* [Requirement] When the listing below reaches the line that has "Inner Tie Rod - 60 92 7301 SWAG", start reproducing exactly; stop after the line that has "a460d348-418d-44f5-b592-90eae96cf6c8", and drop the pictures.

* [Listed records]
◇ ◇ ◇ ◇ ◇ ◇ ◇
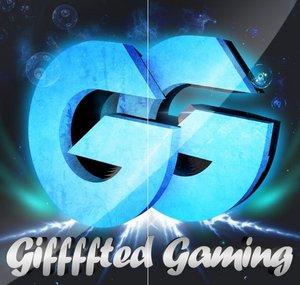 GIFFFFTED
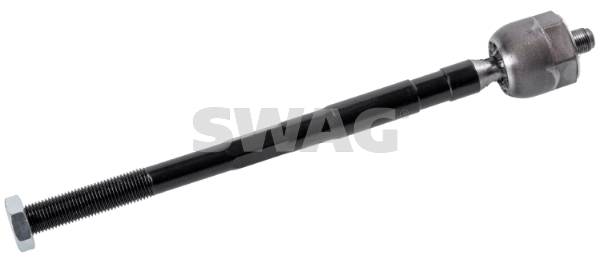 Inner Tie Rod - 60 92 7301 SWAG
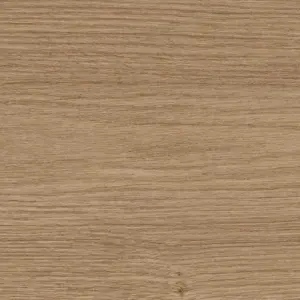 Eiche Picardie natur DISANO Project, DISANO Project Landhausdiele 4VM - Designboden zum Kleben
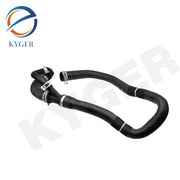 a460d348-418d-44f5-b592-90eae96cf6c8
◇ ◇ ◇ ◇ ◇ ◇ ◇
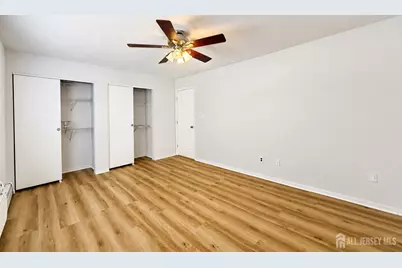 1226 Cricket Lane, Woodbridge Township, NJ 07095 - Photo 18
◇ ◇ ◇ ◇ ◇ ◇ ◇
* [Task response]
 Inner Tie Rod - 60 92 7301 SWAG
 Eiche Picardie natur DISANO Project, DISANO Project Landhausdiele 4VM - Designboden zum Kleben
 a460d348-418d-44f5-b592-90eae96cf6c8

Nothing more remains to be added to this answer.